# ASSIGNED TASK:
Reproduce each entry exactly, so that everything except the pictures is carried over.

[Start of section]

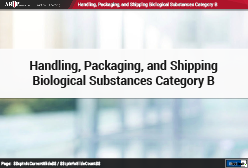 Handling, Packaging, and Shipping Biological Category B Substances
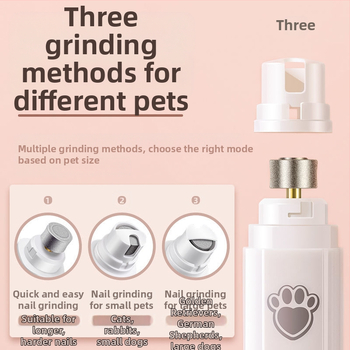 Vaikne lemmikloomade küüneviil, kassi elektriline maniküürilõikur, koera küünelõikur, teddy-küünelõikur, laetav lihvimisseade
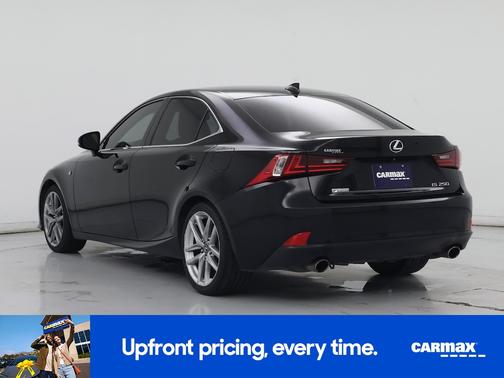 Black 2015 Lexus IS 250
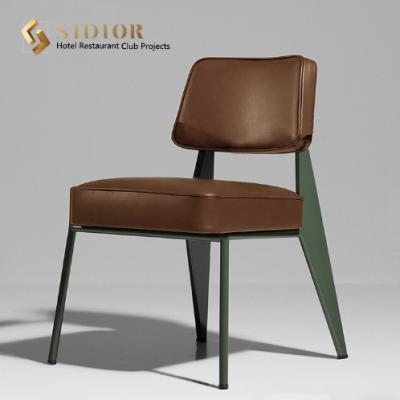 China Wapen de Italiaanse Leer het Dineren Stoel van de Stoelen Moderne Eetkamer 83cm Hoogte Te koop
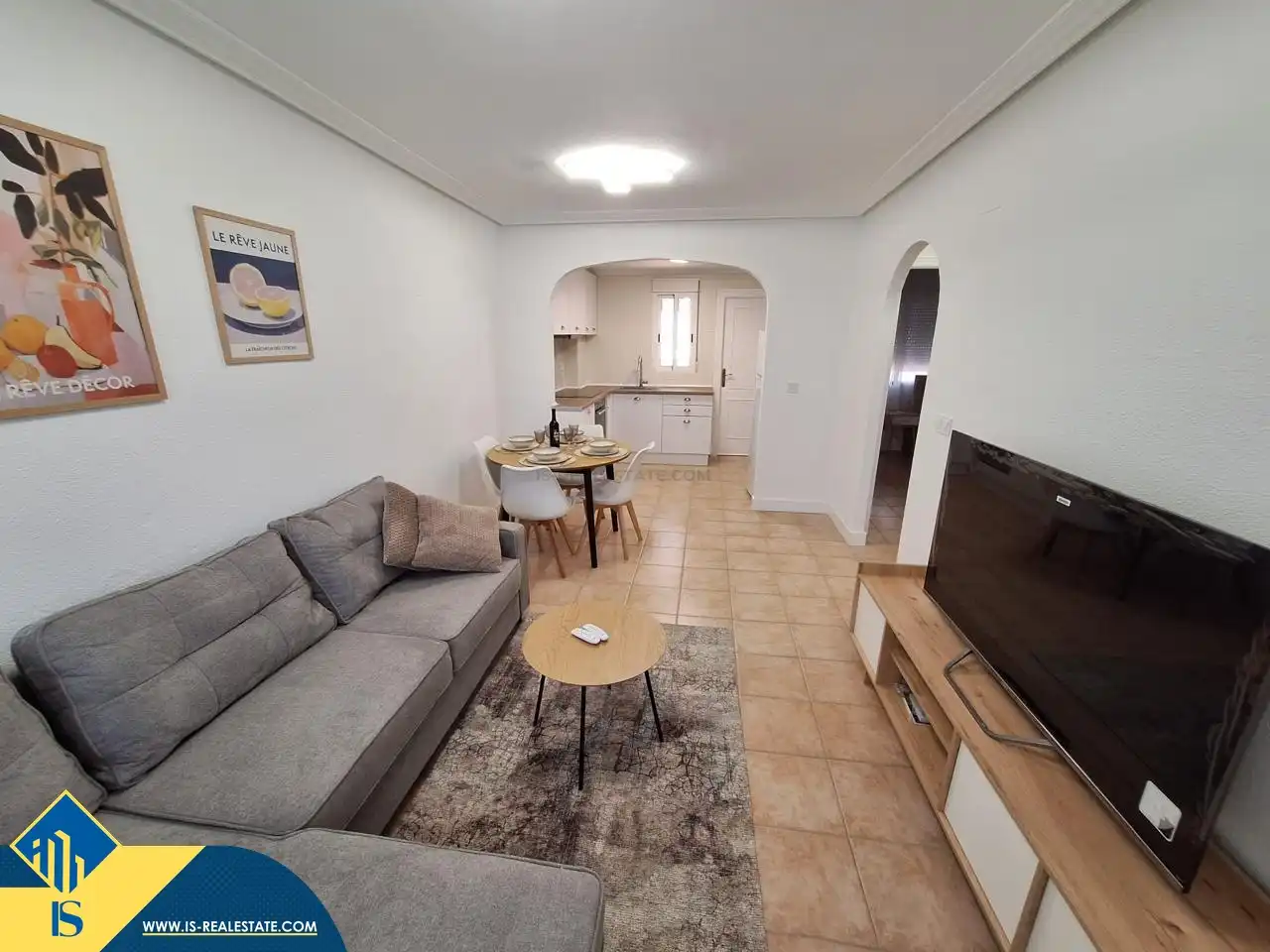 Sala d'estar de Casa o xalet en venda en Torrevieja amb Aire condicionat, Jardí privat i Terrassa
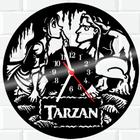 Relógio De Vinil Disco Lp Parede Tarzan Disney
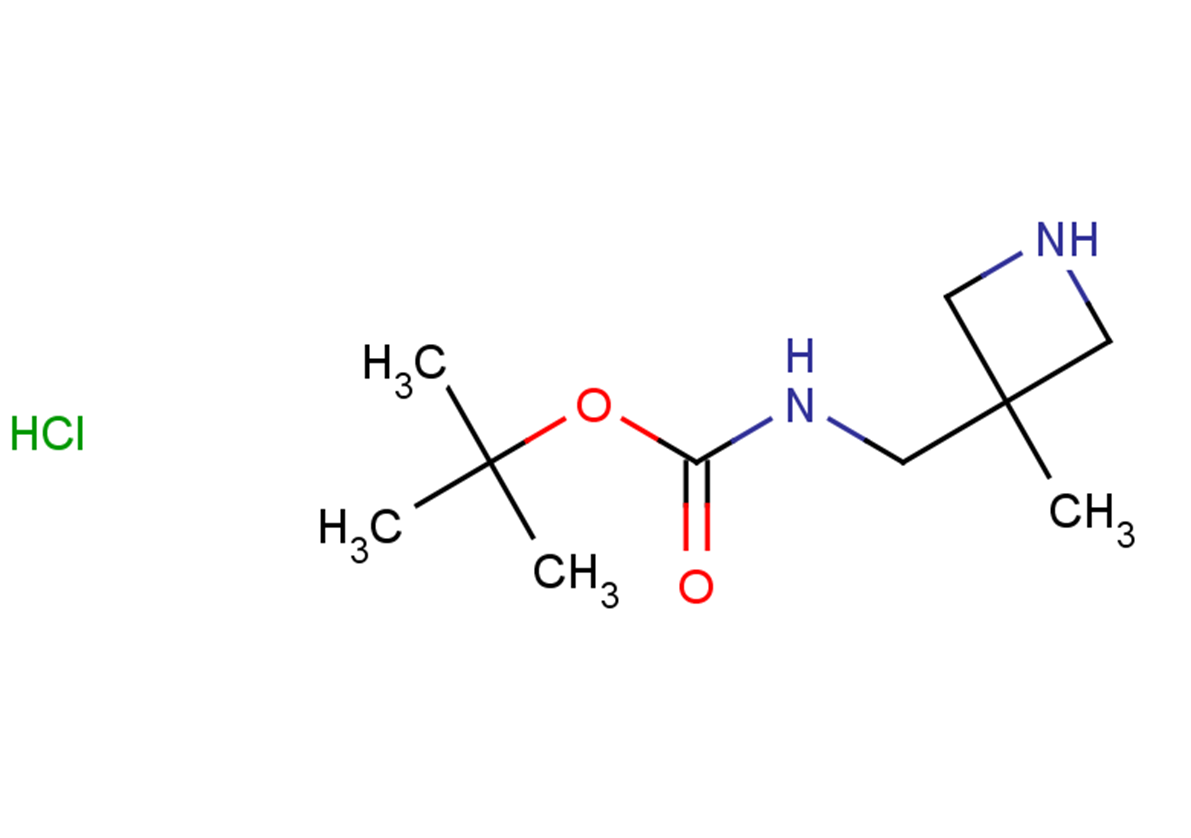 tert-butyl N-[(3-methylazetidin-3-yl)methyl]carbamate hydrochloride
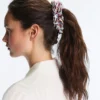 Elásticos de cabelo Maxi às riscas 100% algodão Elásticos de cabelo Maxi às riscas 100% algodão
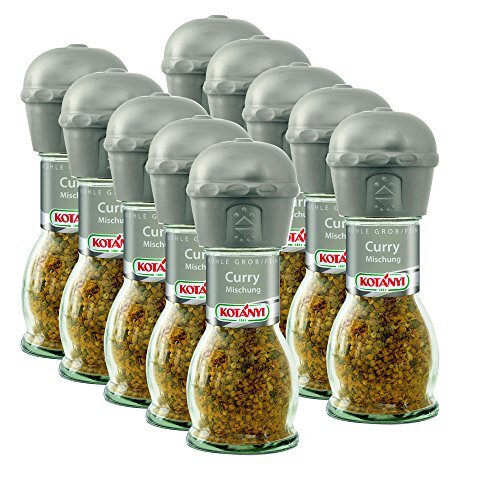 Kotanyi Curry Gewürzmühle raffiniert pikant würzig 45g 10er Pack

[End of section]

# RESPONSE AREA:
 Handling, Packaging, and Shipping Biological Category B Substances
 Vaikne lemmikloomade küüneviil, kassi elektriline maniküürilõikur, koera küünelõikur, teddy-küünelõikur, laetav lihvimisseade
 Black 2015 Lexus IS 250
 China Wapen de Italiaanse Leer het Dineren Stoel van de Stoelen Moderne Eetkamer 83cm Hoogte Te koop
 Sala d'estar de Casa o xalet en venda en Torrevieja amb Aire condicionat, Jardí privat i Terrassa
 Relógio De Vinil Disco Lp Parede Tarzan Disney
 tert-butyl N-[(3-methylazetidin-3-yl)methyl]carbamate hydrochloride
 Elásticos de cabelo Maxi às riscas 100% algodão Elásticos de cabelo Maxi às riscas 100% algodão
 Kotanyi Curry Gewürzmühle raffiniert pikant würzig 45g 10er Pack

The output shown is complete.